Please copy only the material from the line that has "A construction worker" to the very last line, both ends included, exactly as written and without pictures.

** Opening Exercise data block **

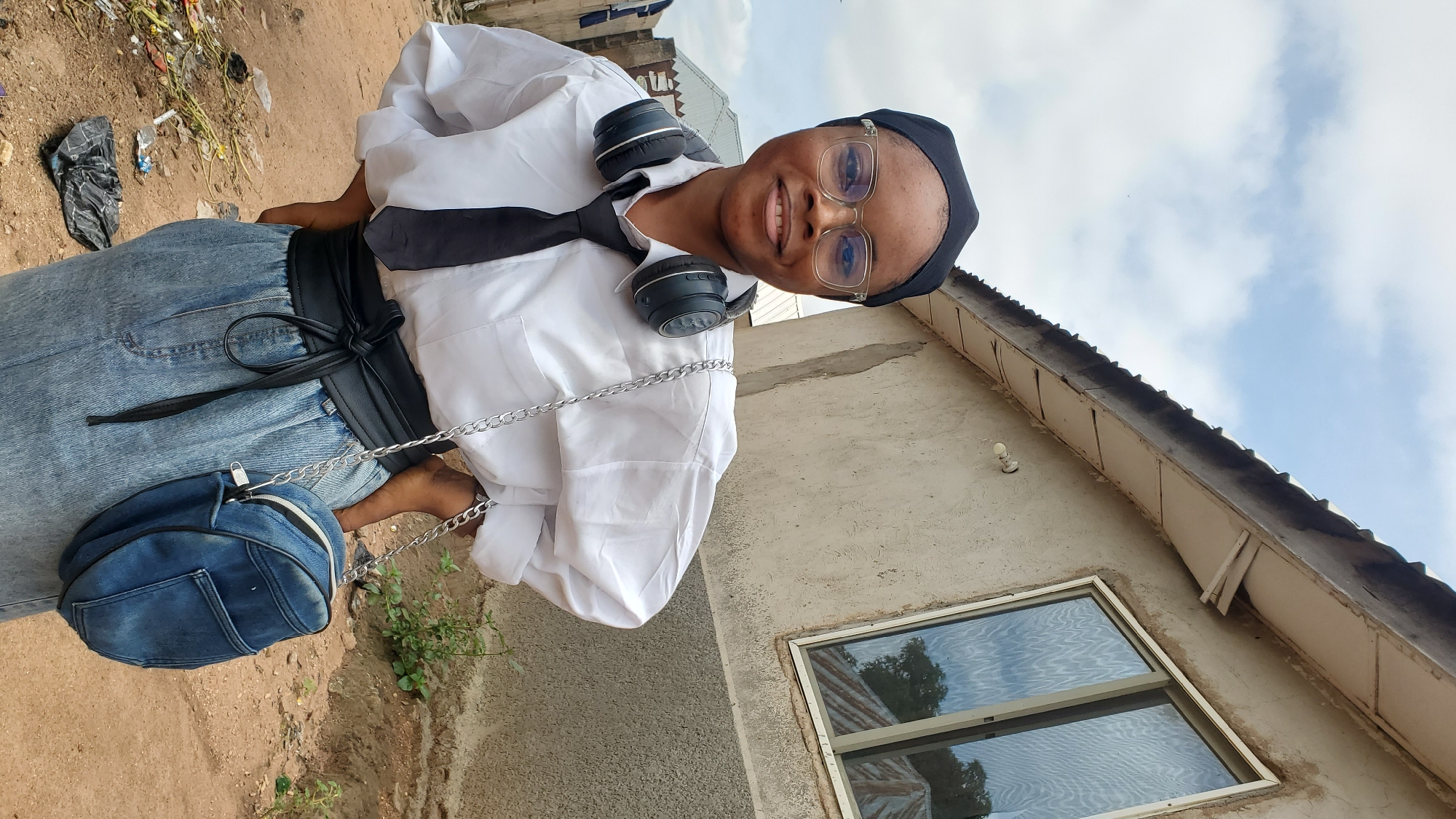 A young Black woman wearing a white button-down shirt, black tie, black headscarf, blue jeans, and clear-rimmed glasses stands with her hands on her hips outdoors. She has headphones around her neck and a denim crossbody bag with a silver chain strap. Behind her, a simple concrete building with a corrugated metal roof and a window is visible. The ground is dirt, with some debris and vegetation. The sky is overcast with clouds. The location is stated to be Jalingo, Nigeria.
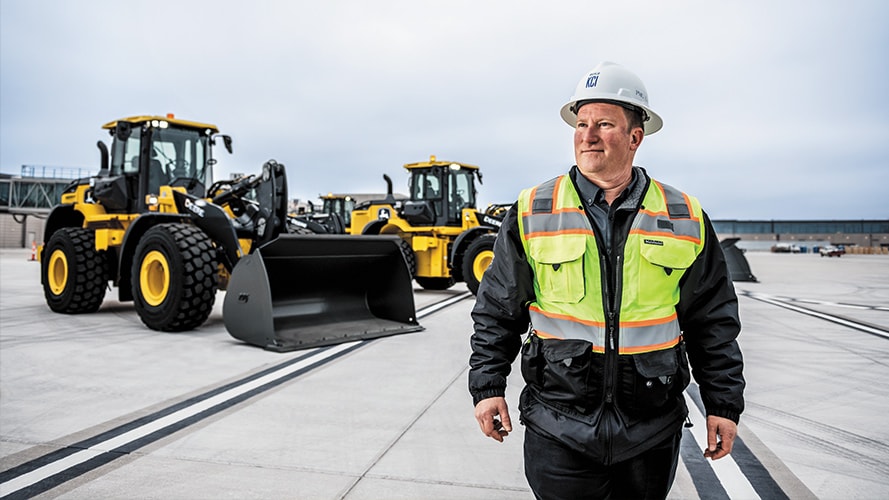 A construction worker walking onsite with Deere construction in the background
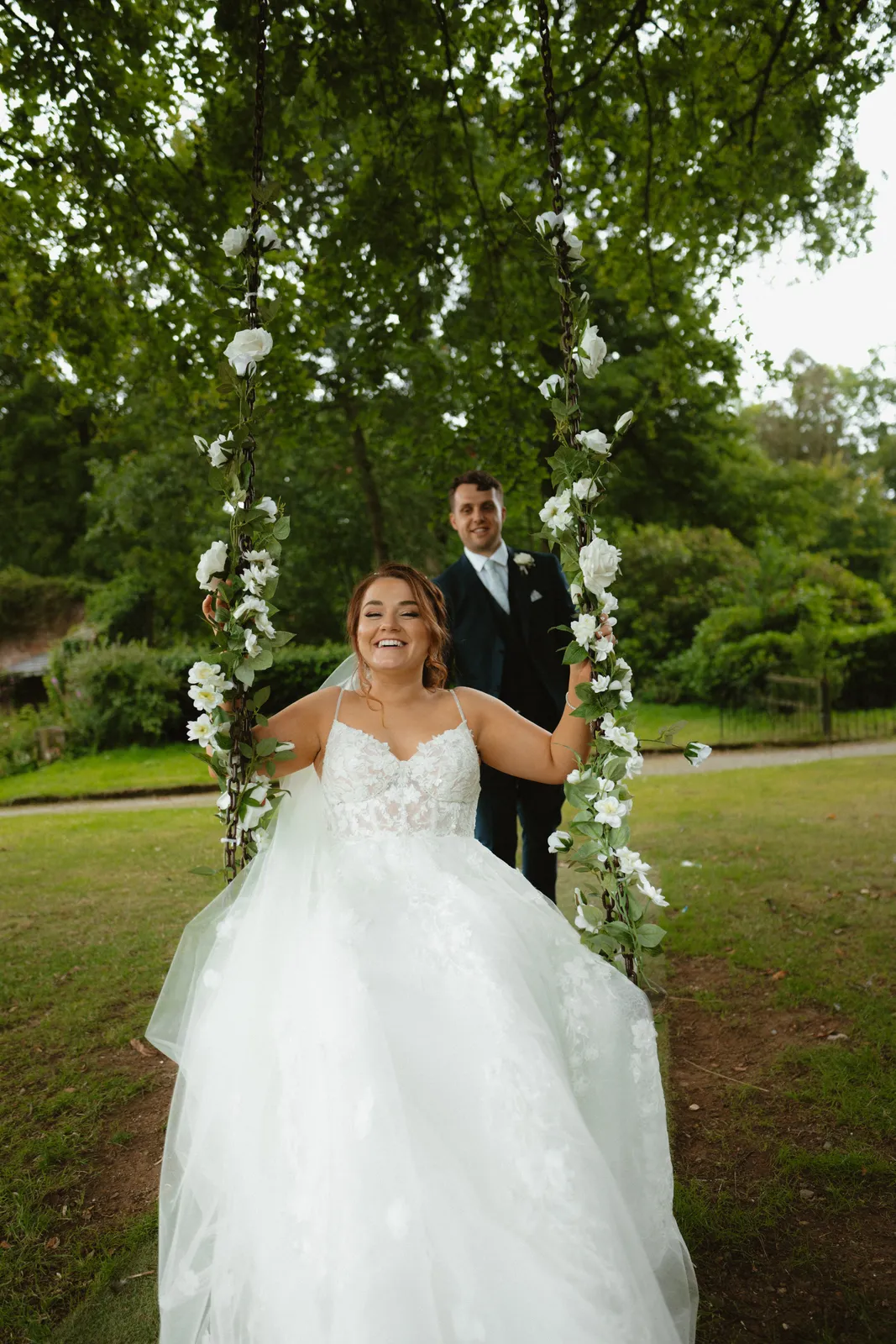 Claire on a flower-trimmed swing with Will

** Closing Exercise data block **

— Answer area —
 A construction worker walking onsite with Deere construction in the background
 Claire on a flower-trimmed swing with Will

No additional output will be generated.